Etats-Unis : Assouplissement quantitatif, le retour




Le compte-rendu de la réunion de politique monétaire du 21 septembre, publié cette semaine, a suggéré que le lancement d’une nouvelle phase d’assouplissement quantitatif serait justifié en l’absence d’amélioration significative des conditions économiques1. Une telle amélioration ne s’étant pas dessinée depuis le 21 septembre (rapport emploi plutôt décevant) et paraissant improbable à court terme, le Comité de politique monétaire de la Réserve fédérale (FOMC) décidera sans doute de lancer un nouveau programme d’achat de titres à l’occasion de sa réunion des 2-3 novembre.

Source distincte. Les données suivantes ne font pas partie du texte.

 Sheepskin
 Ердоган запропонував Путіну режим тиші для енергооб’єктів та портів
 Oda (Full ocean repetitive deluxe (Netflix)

En effet, les membres du FOMC favorables à un assouplissement supplémentaire (notamment William Dudley, le président de la Réserve fédérale de New York) semblent dominer les débats et bénéficier de l’appui de Ben Bernanke. Pour autant, les divergences de vue autour de cette question demeurent sérieuses. Le compterendu de la réunion du 21 septembre a notamment indiqué que, pour certains participants, un assouplissement supplémentaire ne serait justifié qu’en cas de détérioration des perspectives ou de renforcement du risque de déflation (un point défendu, en particulier, par Charles Plosser, président de la Réserve fédérale de Philadelphie). Par ailleurs, des critiques internes soulignent que les effets d’achats d’actifs supplémentaires pourraient être limités dans les circonstances actuelles (où les tensions sur les marchés financiers ne sont plus exceptionnelles et les taux déjà très bas).

En vue d’assouplir la politique monétaire, deux possibilités non exclusives l’une de l’autre ont été discutées :

  • Lancer un nouveau programme d’achat de titres à long terme. Cette solution, régulièrement évoquée par les membres du FOMC depuis la fin août, sera très vraisemblablement retenue. La taille de ce programme d’achat reste incertaine et fait l’objet de débats internes. La Réserve fédérale pourrait annoncer un montant d’achats de quelques centaines de milliards (afin de ne pas décevoir les anticipations des marchés) et, surtout, indiquer se tenir prête à moduler ce volume en tant que de besoin au gré des évolutions en matière d’activité et de prix.

  • Soutenir les anticipations d’inflation. Alors que les taux nominaux à court terme sont quasiment nuls, une hausse des anticipations d’inflation permettrait de modérer les taux d’intérêt réels. De surcroît, même si le risque de déflation demeure modeste selon le FOMC, il ne peut être écarté dans les circonstances actuelles. En vue d’influencer les anticipations d’inflation, plusieurs pistes ont été évoquées : être plus explicite au sujet du taux d'inflation jugé adéquat, cibler des niveaux de prix plutôt qu’un taux d’inflation, ou bien viser des niveaux de PIB nominal plutôt qu’un taux de croissance réel. De fait, dans le contexte actuel de forte modération de l’inflation sous-jacente, soutenir les anticipations en matière de prix n’est pas, a priori, chose facile. Les principales mesures des anticipations d’inflation ont d'ailleurs été orientées à la baisse sur la période récente, mais de façon plutôt modérée : (a) le point mort d'inflation à 10 ans (déduit des rendements des titres du Trésor) a fléchi de 2,3% en avril à 1,7% en septembre ( en moyenne), mais s’est redressé dernièrement (1,9% depuis le début octobre) ; (b) selon l’Université du Michigan, les anticipations des ménages à 5-10 ans n’ont que très faiblement diminué au cours des derniers mois (2,7% en septembre à comparer à un pic annuel de 2,9%), même si les anticipations à 1 an ont fléchi de façon sensible (de 3,2% en mai à 2,2% en septembre).


La progression des attentes d’un deuxième round d’assouplissement quantitatif a, à elle seule, déjà eu un impact sur les conditions financières. Cette semaine, ces anticipations ont notamment favorisé une dépréciation supplémentaire du dollar (parité EUR/USD supérieure à 1,41 aujourd’hui).